## Instructions for the task:
Only one stretch of the data should be retyped: the lines from the line containing "Greer | Women's" through the line containing "ZARA БРЮКИ В ПОЛОСКУ, ТЕМНО-СЕРЫЙ". Keep pictures out of it.

[Short descriptive text snippets]

=-=-=-=-=

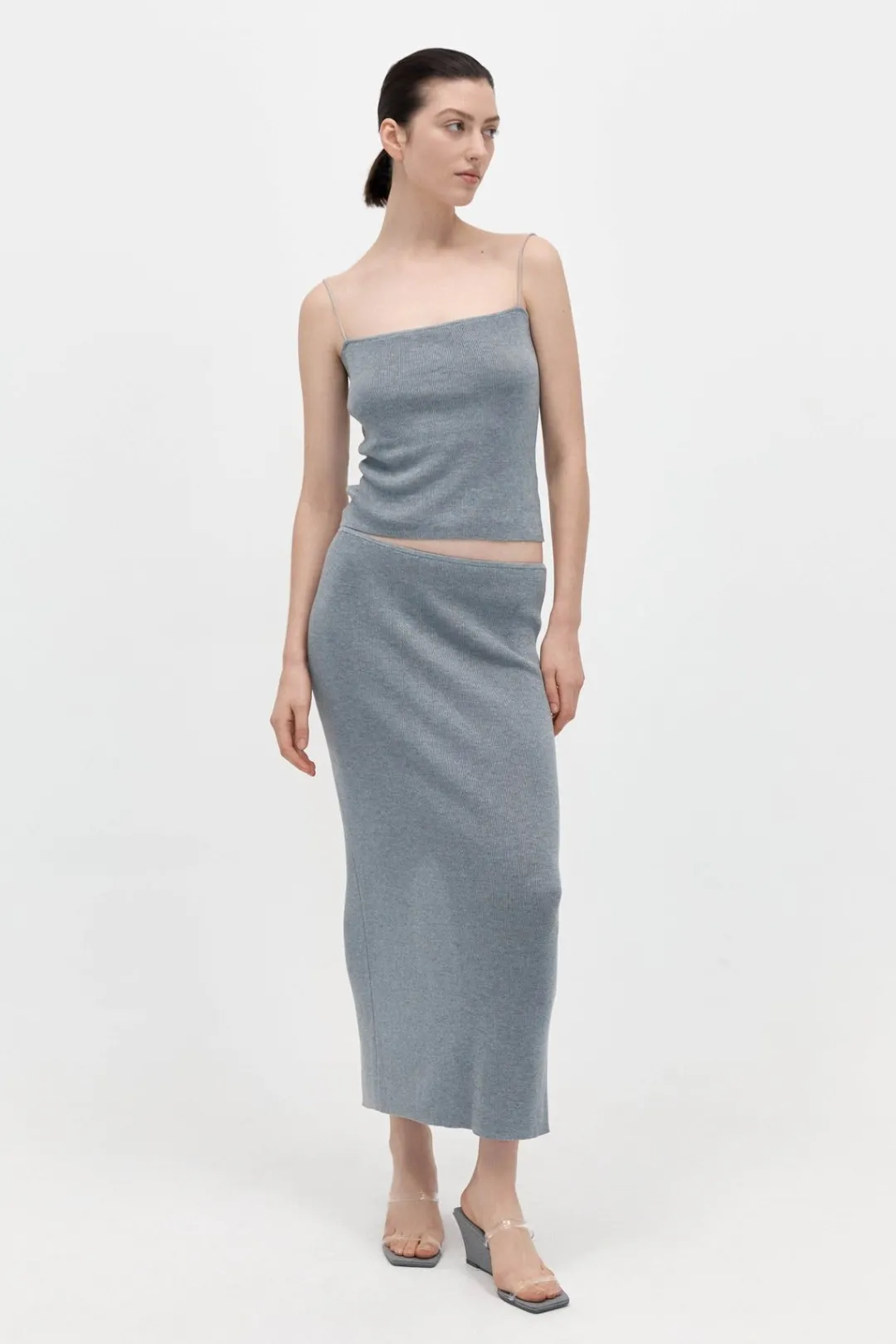 Skirts*St. Agni Low Waist Knit Skirt - Grey Marle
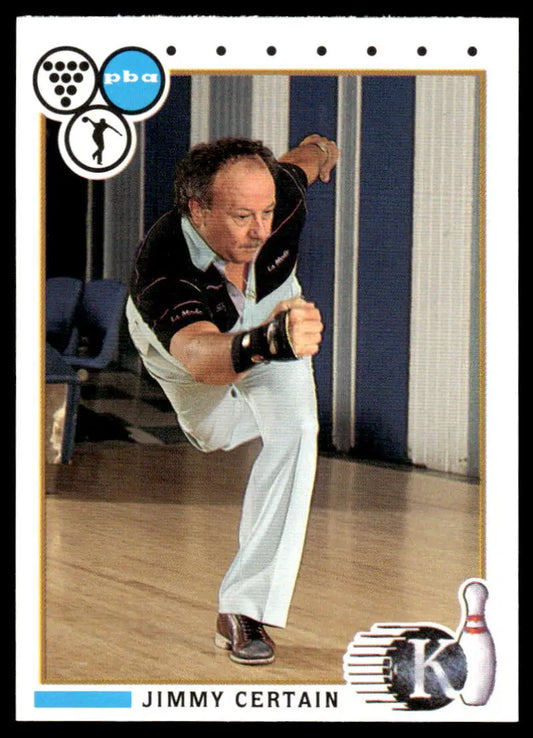 Professional bowler mid-delivery in black and white shirt on PBA Bowling Card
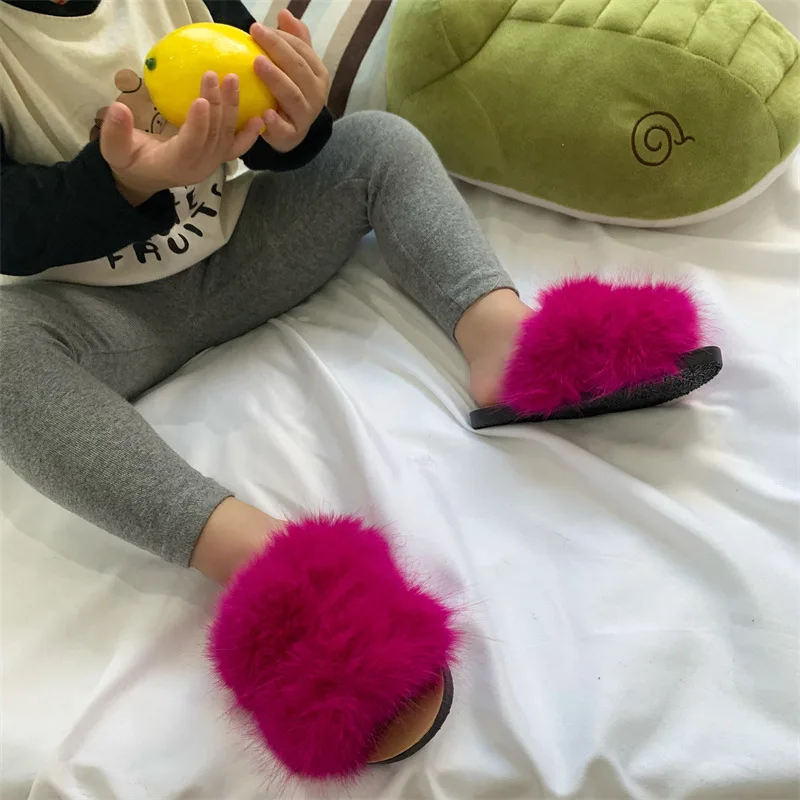 Faux Fur Slippers Children Home Flat Slides Furry Summer Shoes Soft Sole Kids Slippers for Girls Shoes Indoor Flip Flops CSH1420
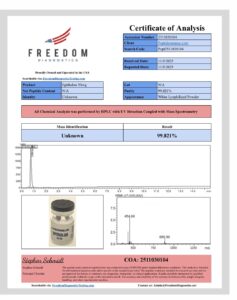 Certificate of analysis for Epithalon 10mg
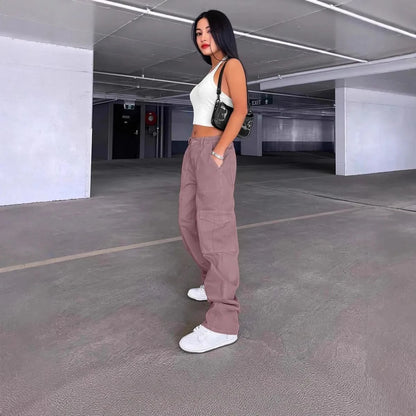 Greer | Women's High Waist Wide Leg Cargo Trousers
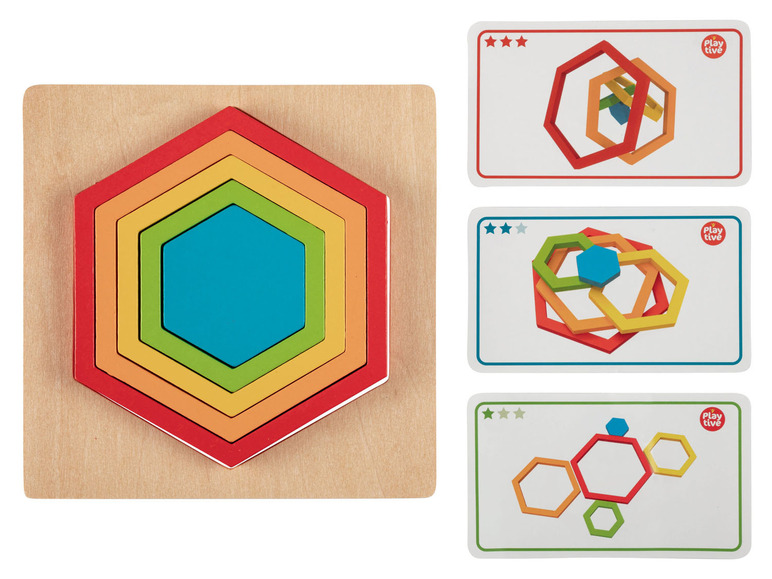 Pełny ekran: PLAYTIVE® Drewniane puzzle Montessori, 9 elementów, 1 komplet - zdjęcie 2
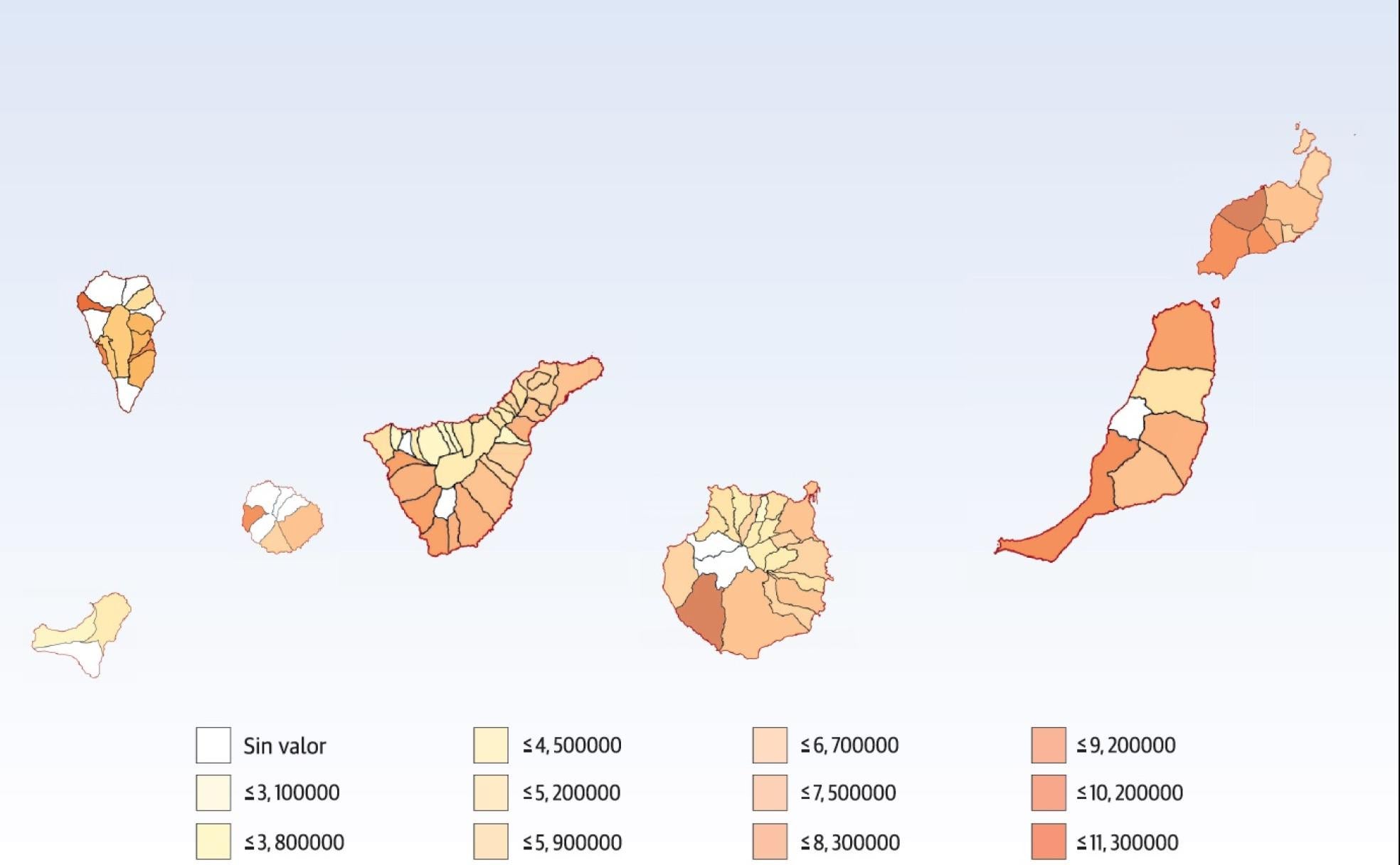 Mapa que refleja el precio del alquiler en los 88 municipios del archipiélago. 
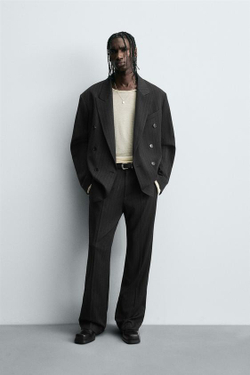 ZARA БРЮКИ В ПОЛОСКУ, ТЕМНО-СЕРЫЙ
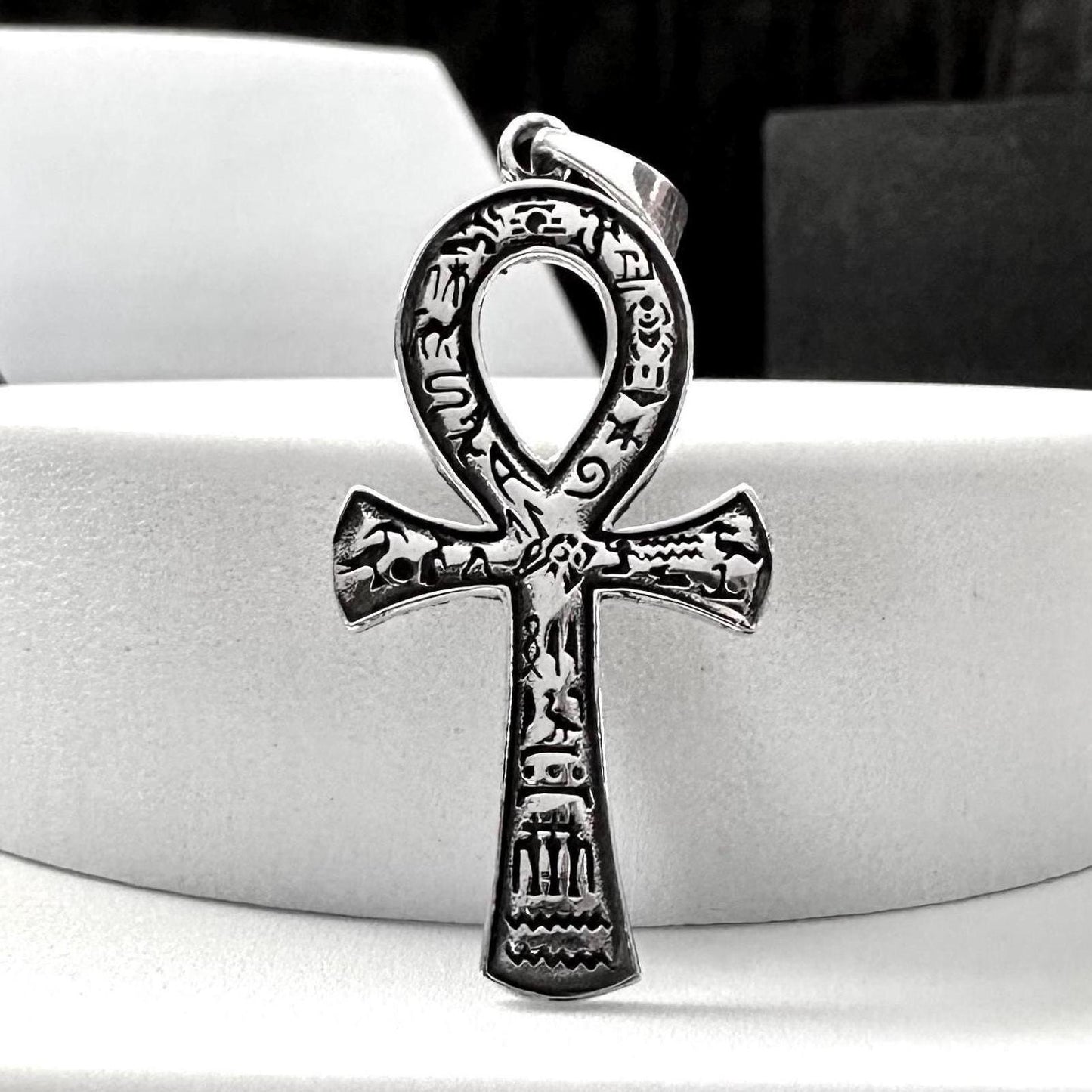Handcrafted 925 Sterling Silver Ankh Pendant Egyptian Cross Ankh Key of Life Amulet Pendant/Necklace Silver Accessories Gift by VINTZ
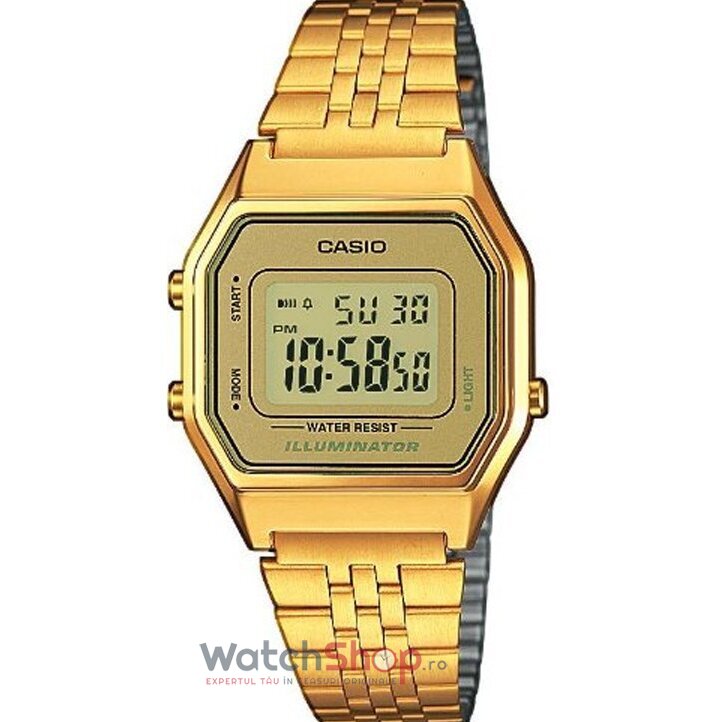 Ceas Sport Dama Casio RETRO LA680WEGA-9ER Gold Quartz Auriu Dreptunghiular cu Comanda Online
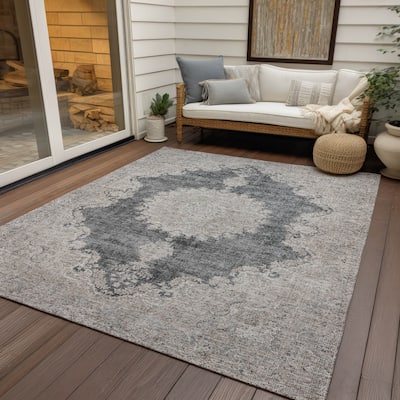 Machine Washable Indoor/ Outdoor Vintage Traditional Chantille Rug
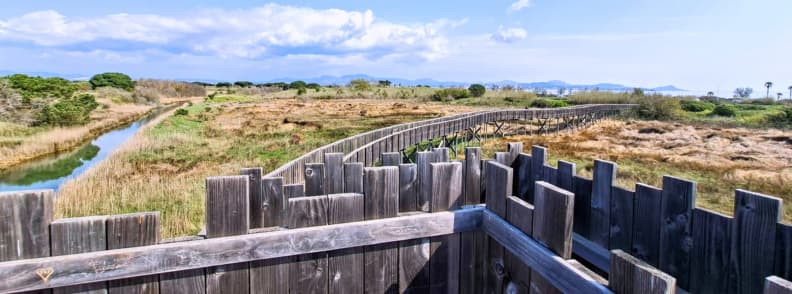 Raised wooden Villepey trail crossing the wetlands beside a narrow lagoon channel at Les Étangs de Villepey near Saint-Aygulf.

=-=-=-=-=

## Solution to the problem:
 Greer | Women's High Waist Wide Leg Cargo Trousers
 Pełny ekran: PLAYTIVE® Drewniane puzzle Montessori, 9 elementów, 1 komplet - zdjęcie 2
 Mapa que refleja el precio del alquiler en los 88 municipios del archipiélago. 
 ZARA БРЮКИ В ПОЛОСКУ, ТЕМНО-СЕРЫЙ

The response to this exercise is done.